Jane has brought her 5 year old son, Ziggy, to live in a small town by the sea where he’s about to start kindergarden. On the way to the Orientation Day for the kids starting school for the first time, she meets Madeleine who is just turning 40, with a teenager and two smaller children, one of whom is Chloe and who is starting kindergarten. Madeleine has turned her ankle on the way back to her car while berating a teenager for texting and driving and Jane drives her and the two younger children to school. Madeleine then fills Jane in on all the cliques and politics among the school mothers. Later that morning, as the children are leaving school, the daughter of a rich, career woman, Renata, accuses Ziggy of choking her and things for Ziggy and Jane get off to a bad start.

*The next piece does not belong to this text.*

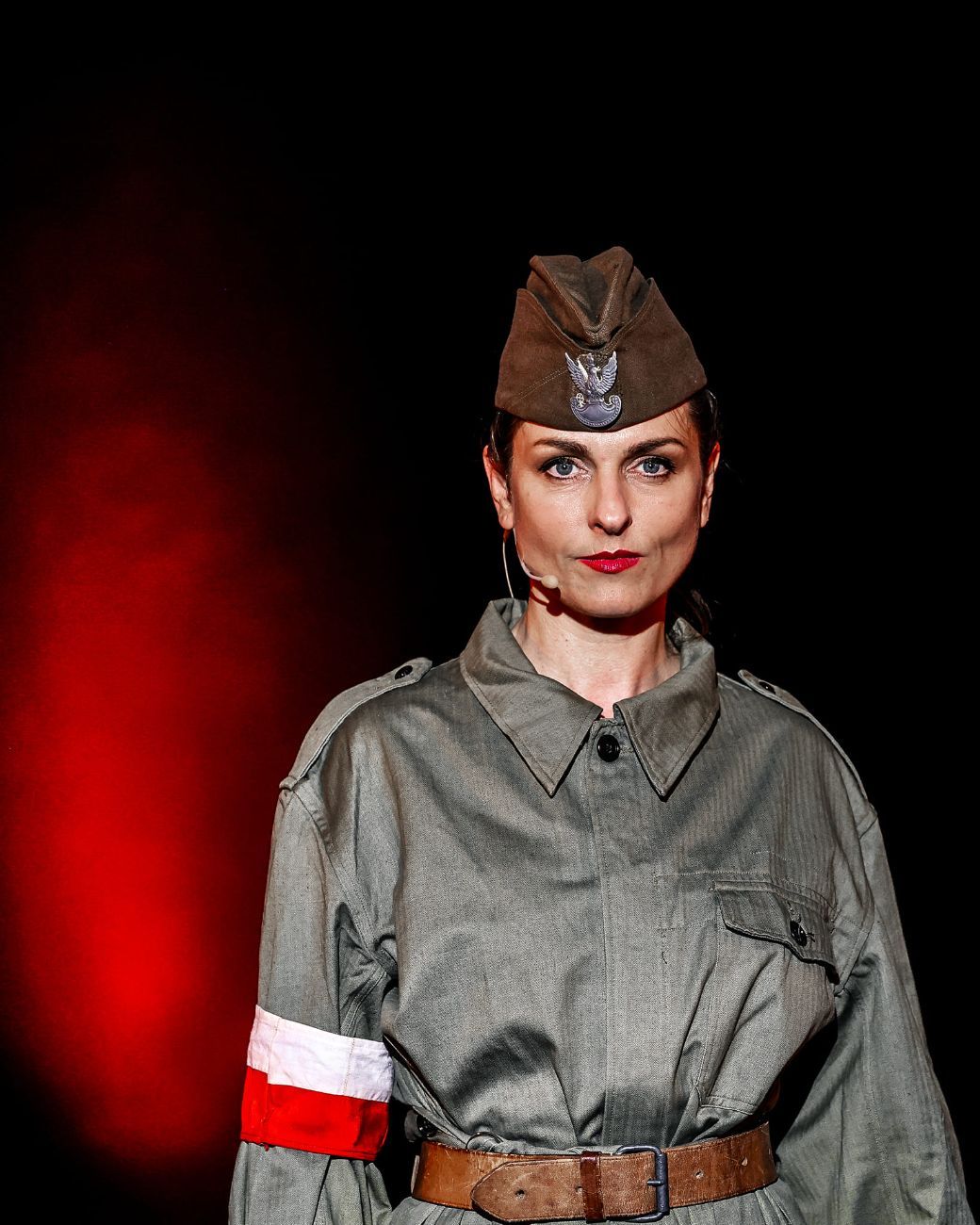 To była wyjątkowa uroczystość. Zobacz zdjęcia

Through the school year, there are more accusations, escalated by unfounded rumours. Madeleine is dealing with her teenage daughter’s relationship with her father and father’s new, seemingly perfect wife, Bonnie. Madeleine still harbours a lot of anger and resentment towards her ex husband even though she’s now happily remarried herself. Her friend, Celeste also becomes a friend of Jane. Celeste and her husband, Perry, have two 5 year old twin boys who have also started school and Celeste also has a secret. Perry hits her. Jane has a secret to do with Ziggy’s father. Eventually, you just know, all the secrets are going to come blasting out of the closet and it isn’t going to be pretty.

The book opens on the night of a school fund raiser where someone has died. The rest of the book traces to path to this night from the orientation day at school to the fund raiser. Added on are excerpts from interviews with the other parents where you can clearly see which ones believe all the rumours and which ones have probably started the rumours. The police are trying to get to the bottom of the death but are not having a lot of luck. Of course the truth to the murder/death is going to come out as well.

I liked the book quite a bit. It is definitely soap opera but I like soap operas. The plot wriggles along the twisty path, placing hints and a bit of cryptic vagueness along the way to see if we can figure out a couple of the twists and then who has been killed and why. I didn’t figure it out. I usually never do with these things (unless it’s blatantly obvious) so I’m usually pleasantly surprised and wonder why I didn’t see it coming.  I liked the main characters, despised the ones I was supposed to and plan to read more by this author.

The book has been filmed as an HBO series currently airing so I wanted to read it along with watching the series. I know there’s going to be differences but now, reading the book, it’s completely cast in my head by the actors I’ve seen in the various parts! The series has been moved from the outskirts of Sydney, Australia (the book) to the California coastline and I think it’s been cast quite well.